EXERCISE GOAL: Repeat the stretch of entries below from the line with "my luck - Accent Mug (black)" through the line with "Correa / lanyard". Include both ends and add nothing.

RECORDS FOR THE EXERCISE:
== Segment start ==

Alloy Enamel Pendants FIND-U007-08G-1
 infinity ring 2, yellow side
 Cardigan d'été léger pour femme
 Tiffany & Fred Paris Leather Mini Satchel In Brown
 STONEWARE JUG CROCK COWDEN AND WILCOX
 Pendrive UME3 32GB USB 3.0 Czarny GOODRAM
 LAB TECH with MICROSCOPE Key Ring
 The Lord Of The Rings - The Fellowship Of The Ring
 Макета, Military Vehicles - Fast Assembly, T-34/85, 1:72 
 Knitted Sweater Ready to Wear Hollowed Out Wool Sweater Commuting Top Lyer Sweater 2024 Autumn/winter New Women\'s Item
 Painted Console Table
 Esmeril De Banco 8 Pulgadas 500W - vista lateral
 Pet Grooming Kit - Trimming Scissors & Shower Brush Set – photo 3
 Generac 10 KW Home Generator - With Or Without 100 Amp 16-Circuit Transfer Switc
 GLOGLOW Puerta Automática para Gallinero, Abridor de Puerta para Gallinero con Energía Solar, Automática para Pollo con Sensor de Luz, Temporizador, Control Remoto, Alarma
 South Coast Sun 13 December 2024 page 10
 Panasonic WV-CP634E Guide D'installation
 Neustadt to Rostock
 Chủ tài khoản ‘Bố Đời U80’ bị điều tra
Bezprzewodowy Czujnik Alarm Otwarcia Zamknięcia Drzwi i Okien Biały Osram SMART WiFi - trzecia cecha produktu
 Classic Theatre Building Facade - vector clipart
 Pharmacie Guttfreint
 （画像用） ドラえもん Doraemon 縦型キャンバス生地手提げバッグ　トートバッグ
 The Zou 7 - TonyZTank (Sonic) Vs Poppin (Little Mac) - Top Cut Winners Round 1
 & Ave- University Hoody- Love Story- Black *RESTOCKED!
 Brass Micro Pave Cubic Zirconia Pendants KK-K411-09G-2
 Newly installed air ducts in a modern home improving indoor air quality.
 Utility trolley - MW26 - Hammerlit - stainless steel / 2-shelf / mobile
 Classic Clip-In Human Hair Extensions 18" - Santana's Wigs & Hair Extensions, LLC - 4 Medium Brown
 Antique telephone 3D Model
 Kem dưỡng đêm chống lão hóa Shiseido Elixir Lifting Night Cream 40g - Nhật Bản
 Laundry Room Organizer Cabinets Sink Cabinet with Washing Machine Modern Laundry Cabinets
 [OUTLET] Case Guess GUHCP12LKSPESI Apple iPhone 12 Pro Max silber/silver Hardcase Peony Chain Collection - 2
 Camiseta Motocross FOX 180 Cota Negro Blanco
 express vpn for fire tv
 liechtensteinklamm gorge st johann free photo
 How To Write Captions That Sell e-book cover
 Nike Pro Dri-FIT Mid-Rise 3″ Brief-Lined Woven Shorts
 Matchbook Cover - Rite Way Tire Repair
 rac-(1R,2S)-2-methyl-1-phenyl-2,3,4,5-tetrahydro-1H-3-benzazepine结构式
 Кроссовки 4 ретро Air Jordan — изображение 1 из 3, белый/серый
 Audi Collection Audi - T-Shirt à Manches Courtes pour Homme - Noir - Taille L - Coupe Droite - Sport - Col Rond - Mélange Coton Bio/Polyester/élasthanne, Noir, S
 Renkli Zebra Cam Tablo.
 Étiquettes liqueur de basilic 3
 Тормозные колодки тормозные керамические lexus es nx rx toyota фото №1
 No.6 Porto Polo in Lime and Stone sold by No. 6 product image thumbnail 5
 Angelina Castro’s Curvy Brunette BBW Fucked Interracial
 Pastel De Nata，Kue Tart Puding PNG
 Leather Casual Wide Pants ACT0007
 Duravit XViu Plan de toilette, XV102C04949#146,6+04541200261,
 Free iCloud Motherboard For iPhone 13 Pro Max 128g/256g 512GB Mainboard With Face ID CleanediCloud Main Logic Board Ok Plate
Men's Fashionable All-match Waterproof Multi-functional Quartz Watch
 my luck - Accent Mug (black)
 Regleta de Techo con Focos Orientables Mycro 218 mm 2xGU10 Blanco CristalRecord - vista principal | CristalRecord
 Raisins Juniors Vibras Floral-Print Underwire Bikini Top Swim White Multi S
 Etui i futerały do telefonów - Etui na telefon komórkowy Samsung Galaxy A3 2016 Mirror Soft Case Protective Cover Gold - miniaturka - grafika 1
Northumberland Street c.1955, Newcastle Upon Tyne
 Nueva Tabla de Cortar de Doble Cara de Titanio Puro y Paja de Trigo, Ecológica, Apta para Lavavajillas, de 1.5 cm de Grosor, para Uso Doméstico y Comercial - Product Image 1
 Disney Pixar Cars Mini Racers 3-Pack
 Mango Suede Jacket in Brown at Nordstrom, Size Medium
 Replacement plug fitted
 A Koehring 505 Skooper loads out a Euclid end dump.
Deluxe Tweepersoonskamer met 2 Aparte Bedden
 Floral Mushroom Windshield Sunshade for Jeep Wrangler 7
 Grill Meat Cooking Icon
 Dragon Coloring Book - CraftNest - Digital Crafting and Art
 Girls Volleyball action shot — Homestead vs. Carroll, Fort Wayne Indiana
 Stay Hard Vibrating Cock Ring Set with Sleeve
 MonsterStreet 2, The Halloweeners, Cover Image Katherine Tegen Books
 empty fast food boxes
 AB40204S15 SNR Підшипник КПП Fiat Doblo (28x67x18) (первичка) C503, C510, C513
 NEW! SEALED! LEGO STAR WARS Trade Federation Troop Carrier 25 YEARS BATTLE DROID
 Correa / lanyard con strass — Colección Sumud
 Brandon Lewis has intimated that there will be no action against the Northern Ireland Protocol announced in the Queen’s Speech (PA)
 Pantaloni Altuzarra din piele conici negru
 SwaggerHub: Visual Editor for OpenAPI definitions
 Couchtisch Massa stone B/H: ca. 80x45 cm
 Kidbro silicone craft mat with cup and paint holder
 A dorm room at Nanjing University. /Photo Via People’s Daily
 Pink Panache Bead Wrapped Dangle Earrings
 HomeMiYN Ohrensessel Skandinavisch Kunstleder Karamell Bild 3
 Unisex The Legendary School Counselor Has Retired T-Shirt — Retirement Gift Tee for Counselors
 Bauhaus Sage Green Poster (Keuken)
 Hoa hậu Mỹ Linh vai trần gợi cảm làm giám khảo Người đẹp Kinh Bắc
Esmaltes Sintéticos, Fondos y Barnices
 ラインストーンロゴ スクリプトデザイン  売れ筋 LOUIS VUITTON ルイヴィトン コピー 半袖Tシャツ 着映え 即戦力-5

== Segment end ==

RESPONSE BELOW:
 my luck - Accent Mug (black)
 Regleta de Techo con Focos Orientables Mycro 218 mm 2xGU10 Blanco CristalRecord - vista principal | CristalRecord
 Raisins Juniors Vibras Floral-Print Underwire Bikini Top Swim White Multi S
 Etui i futerały do telefonów - Etui na telefon komórkowy Samsung Galaxy A3 2016 Mirror Soft Case Protective Cover Gold - miniaturka - grafika 1
Northumberland Street c.1955, Newcastle Upon Tyne
 Nueva Tabla de Cortar de Doble Cara de Titanio Puro y Paja de Trigo, Ecológica, Apta para Lavavajillas, de 1.5 cm de Grosor, para Uso Doméstico y Comercial - Product Image 1
 Disney Pixar Cars Mini Racers 3-Pack
 Mango Suede Jacket in Brown at Nordstrom, Size Medium
 Replacement plug fitted
 A Koehring 505 Skooper loads out a Euclid end dump.
Deluxe Tweepersoonskamer met 2 Aparte Bedden
 Floral Mushroom Windshield Sunshade for Jeep Wrangler 7
 Grill Meat Cooking Icon
 Dragon Coloring Book - CraftNest - Digital Crafting and Art
 Girls Volleyball action shot — Homestead vs. Carroll, Fort Wayne Indiana
 Stay Hard Vibrating Cock Ring Set with Sleeve
 MonsterStreet 2, The Halloweeners, Cover Image Katherine Tegen Books
 empty fast food boxes
 AB40204S15 SNR Підшипник КПП Fiat Doblo (28x67x18) (первичка) C503, C510, C513
 NEW! SEALED! LEGO STAR WARS Trade Federation Troop Carrier 25 YEARS BATTLE DROID
 Correa / lanyard con strass — Colección Sumud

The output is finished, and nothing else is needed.